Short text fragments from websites
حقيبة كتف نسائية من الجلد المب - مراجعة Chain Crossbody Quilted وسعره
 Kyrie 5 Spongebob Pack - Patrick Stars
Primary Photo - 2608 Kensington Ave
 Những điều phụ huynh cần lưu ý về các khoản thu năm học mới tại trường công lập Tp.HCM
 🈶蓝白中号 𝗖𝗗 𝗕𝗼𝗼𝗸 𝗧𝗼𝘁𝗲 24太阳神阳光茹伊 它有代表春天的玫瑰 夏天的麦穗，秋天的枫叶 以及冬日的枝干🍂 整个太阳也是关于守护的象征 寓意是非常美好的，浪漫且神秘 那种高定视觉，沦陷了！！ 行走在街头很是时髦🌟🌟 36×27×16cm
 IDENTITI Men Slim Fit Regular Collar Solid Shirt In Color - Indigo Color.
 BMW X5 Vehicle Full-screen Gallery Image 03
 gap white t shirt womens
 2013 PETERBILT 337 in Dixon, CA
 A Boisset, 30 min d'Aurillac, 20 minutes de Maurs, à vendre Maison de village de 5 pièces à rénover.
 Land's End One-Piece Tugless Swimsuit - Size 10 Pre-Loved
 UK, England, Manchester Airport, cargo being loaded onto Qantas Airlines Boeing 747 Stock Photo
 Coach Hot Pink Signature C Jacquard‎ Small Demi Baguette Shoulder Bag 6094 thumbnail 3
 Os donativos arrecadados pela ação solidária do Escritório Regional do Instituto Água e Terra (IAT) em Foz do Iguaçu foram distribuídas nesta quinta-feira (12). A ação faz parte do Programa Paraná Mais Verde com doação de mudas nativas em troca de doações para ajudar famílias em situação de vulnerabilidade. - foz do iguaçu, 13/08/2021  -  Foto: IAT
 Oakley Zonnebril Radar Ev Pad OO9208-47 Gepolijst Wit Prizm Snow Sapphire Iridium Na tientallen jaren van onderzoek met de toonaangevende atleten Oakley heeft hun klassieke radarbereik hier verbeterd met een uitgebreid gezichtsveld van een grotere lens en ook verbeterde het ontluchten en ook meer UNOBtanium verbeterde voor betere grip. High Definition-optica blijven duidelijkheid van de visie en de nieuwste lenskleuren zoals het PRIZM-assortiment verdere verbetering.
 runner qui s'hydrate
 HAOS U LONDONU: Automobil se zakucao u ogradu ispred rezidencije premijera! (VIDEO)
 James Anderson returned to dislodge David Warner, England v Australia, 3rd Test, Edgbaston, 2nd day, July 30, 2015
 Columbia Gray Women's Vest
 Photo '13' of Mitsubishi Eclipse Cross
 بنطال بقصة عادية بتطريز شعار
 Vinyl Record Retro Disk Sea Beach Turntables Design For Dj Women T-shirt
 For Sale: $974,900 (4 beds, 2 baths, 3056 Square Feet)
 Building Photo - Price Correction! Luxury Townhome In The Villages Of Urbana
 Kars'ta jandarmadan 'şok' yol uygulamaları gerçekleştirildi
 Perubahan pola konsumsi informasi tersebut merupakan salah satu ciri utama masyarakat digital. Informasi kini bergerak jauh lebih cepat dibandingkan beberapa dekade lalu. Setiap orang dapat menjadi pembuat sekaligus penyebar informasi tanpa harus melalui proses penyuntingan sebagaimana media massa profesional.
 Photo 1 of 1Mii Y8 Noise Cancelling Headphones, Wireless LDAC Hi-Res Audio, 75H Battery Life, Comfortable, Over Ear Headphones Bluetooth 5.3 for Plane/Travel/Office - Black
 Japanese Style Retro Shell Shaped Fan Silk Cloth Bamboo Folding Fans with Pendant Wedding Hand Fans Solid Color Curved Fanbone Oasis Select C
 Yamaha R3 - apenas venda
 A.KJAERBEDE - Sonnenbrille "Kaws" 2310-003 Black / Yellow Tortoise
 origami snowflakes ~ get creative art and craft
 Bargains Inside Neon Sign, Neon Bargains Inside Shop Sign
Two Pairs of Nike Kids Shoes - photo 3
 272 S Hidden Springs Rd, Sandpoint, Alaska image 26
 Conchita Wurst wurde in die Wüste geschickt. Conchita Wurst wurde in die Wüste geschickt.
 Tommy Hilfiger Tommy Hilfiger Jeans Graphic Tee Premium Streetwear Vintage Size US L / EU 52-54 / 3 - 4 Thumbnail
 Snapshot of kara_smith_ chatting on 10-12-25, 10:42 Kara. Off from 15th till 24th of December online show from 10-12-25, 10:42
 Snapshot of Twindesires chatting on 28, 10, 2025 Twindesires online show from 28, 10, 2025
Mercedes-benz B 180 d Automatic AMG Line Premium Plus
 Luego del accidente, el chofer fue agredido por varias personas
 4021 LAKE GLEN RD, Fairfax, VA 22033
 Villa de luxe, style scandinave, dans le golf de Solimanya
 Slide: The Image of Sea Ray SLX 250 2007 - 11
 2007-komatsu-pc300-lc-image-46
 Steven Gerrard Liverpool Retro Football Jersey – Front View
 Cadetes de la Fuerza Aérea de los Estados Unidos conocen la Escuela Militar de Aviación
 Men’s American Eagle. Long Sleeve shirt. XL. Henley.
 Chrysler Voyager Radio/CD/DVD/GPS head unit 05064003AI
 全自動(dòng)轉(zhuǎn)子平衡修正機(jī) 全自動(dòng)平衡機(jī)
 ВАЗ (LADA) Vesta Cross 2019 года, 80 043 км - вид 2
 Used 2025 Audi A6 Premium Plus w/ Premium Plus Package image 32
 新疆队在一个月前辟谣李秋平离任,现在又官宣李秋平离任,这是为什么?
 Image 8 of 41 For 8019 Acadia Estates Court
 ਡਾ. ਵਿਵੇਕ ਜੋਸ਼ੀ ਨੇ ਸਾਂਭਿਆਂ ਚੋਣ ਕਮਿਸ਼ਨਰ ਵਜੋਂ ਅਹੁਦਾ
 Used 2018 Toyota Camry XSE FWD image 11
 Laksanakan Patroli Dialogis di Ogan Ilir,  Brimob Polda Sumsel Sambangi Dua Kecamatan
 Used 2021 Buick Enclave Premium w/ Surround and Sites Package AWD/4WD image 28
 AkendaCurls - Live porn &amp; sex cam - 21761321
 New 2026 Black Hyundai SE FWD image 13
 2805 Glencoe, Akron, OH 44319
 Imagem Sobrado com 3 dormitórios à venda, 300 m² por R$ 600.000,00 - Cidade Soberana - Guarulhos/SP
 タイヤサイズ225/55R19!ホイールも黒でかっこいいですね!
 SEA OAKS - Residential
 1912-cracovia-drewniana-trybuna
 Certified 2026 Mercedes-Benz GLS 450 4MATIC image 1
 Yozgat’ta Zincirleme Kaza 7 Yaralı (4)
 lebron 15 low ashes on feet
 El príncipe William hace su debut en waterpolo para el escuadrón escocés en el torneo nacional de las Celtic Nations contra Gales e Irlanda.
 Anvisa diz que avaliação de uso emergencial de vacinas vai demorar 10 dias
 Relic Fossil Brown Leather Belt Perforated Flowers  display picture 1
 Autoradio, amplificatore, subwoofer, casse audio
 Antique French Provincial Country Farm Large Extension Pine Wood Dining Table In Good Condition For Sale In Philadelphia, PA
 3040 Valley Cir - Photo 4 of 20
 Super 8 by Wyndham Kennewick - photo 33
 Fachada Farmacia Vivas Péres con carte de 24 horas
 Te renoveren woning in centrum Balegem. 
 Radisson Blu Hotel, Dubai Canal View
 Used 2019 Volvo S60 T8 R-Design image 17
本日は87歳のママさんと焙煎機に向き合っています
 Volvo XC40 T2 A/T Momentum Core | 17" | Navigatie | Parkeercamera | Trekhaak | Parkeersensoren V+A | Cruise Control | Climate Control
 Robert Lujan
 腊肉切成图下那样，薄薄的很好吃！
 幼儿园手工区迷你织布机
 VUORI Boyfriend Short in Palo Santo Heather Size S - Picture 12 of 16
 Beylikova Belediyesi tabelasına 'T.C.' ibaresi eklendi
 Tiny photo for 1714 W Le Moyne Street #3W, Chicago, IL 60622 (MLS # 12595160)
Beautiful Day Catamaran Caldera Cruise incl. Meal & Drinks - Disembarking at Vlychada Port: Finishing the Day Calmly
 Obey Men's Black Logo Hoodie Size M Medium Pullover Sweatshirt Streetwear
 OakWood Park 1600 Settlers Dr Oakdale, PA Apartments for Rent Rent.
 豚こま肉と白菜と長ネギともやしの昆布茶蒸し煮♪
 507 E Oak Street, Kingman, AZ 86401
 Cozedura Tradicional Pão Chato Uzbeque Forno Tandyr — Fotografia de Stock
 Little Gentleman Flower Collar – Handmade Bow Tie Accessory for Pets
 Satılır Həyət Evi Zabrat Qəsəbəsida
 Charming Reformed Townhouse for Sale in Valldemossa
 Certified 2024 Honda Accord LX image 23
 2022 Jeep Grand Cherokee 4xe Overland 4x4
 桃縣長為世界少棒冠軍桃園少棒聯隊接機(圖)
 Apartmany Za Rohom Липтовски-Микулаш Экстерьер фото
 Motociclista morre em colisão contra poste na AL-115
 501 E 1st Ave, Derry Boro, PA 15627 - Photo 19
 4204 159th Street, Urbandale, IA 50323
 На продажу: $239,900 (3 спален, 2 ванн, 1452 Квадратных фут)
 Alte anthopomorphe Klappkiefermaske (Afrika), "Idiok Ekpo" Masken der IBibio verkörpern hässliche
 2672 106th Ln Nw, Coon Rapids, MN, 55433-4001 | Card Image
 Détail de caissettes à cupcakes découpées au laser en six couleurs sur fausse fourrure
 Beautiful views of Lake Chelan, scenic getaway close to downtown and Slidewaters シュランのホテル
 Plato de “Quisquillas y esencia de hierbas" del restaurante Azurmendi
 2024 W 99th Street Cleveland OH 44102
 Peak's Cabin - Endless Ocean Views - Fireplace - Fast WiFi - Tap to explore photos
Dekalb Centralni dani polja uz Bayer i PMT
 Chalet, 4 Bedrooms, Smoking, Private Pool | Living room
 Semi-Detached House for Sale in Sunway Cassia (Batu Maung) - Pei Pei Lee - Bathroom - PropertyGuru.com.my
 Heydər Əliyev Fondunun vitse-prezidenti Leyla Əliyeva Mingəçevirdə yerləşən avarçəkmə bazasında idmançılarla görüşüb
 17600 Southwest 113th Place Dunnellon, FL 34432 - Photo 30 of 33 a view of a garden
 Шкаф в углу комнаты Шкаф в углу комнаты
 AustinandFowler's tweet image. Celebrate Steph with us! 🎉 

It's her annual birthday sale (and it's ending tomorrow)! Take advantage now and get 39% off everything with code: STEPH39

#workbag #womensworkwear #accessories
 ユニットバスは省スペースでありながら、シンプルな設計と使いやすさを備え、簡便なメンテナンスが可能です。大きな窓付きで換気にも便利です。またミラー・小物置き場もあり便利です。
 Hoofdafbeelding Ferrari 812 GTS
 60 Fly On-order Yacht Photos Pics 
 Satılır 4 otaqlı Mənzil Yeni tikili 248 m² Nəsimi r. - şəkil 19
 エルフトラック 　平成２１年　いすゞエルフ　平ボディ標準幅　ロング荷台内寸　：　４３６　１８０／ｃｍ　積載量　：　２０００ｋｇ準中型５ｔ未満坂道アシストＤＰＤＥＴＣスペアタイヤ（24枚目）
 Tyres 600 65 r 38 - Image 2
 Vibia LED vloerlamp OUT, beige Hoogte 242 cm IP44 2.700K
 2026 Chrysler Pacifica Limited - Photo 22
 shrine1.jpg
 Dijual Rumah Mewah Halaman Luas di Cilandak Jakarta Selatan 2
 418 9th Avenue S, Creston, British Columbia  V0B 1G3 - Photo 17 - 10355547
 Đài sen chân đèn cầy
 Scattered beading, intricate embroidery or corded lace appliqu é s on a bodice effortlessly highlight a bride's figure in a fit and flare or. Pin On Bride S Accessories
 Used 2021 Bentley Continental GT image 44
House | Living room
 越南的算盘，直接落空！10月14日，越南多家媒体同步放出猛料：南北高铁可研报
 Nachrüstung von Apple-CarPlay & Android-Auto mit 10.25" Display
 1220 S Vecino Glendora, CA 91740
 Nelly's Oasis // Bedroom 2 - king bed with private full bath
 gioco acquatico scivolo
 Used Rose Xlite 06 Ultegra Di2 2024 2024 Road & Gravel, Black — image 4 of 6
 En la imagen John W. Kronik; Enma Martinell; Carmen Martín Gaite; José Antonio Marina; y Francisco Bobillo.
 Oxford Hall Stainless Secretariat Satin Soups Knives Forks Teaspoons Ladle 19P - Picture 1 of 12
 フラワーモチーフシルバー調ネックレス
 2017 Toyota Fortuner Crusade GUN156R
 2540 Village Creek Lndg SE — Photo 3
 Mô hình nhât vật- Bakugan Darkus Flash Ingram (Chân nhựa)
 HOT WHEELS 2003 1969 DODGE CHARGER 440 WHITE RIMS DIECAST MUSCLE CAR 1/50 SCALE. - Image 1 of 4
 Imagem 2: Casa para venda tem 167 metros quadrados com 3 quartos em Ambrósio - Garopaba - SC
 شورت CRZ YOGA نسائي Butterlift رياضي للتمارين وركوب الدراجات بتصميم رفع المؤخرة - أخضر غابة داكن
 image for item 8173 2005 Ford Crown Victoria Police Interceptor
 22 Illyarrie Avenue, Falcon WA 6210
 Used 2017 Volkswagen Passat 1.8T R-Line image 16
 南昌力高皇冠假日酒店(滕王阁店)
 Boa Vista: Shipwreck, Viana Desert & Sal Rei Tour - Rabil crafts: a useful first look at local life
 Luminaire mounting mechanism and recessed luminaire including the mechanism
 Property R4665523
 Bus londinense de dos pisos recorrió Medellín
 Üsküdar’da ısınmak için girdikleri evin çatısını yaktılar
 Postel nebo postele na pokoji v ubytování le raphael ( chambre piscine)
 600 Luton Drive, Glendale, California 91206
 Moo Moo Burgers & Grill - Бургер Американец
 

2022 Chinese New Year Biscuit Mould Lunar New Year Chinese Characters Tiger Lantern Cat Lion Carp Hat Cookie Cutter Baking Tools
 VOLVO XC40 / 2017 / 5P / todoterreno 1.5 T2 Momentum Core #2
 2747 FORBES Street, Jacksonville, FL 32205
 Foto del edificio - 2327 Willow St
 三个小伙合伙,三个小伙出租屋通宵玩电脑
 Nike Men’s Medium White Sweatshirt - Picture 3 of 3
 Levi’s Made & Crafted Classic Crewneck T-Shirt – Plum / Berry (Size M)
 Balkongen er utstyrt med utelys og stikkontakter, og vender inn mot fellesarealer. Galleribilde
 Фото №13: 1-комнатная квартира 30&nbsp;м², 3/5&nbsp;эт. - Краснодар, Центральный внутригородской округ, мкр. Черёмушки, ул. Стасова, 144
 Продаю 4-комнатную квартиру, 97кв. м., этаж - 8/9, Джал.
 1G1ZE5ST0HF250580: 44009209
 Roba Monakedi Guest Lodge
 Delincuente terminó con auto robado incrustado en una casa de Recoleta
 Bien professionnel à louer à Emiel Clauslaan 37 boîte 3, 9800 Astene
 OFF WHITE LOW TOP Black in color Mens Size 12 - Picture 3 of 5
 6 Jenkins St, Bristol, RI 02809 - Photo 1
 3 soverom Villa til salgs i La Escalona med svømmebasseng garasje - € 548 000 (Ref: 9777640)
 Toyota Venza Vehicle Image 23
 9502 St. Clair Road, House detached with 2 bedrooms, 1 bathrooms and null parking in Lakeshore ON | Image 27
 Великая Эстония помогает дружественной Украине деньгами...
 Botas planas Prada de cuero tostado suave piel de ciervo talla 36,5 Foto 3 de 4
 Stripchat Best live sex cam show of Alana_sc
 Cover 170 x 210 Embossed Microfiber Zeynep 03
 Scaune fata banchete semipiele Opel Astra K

PROBLEM DESCRIPTION ->
Your response should be the lines above from the first to the one containing "Những điều phụ", inclusive, each given exactly.

WRITTEN SOLUTION ->
حقيبة كتف نسائية من الجلد المب - مراجعة Chain Crossbody Quilted وسعره
 Kyrie 5 Spongebob Pack - Patrick Stars
Primary Photo - 2608 Kensington Ave
 Những điều phụ huynh cần lưu ý về các khoản thu năm học mới tại trường công lập Tp.HCM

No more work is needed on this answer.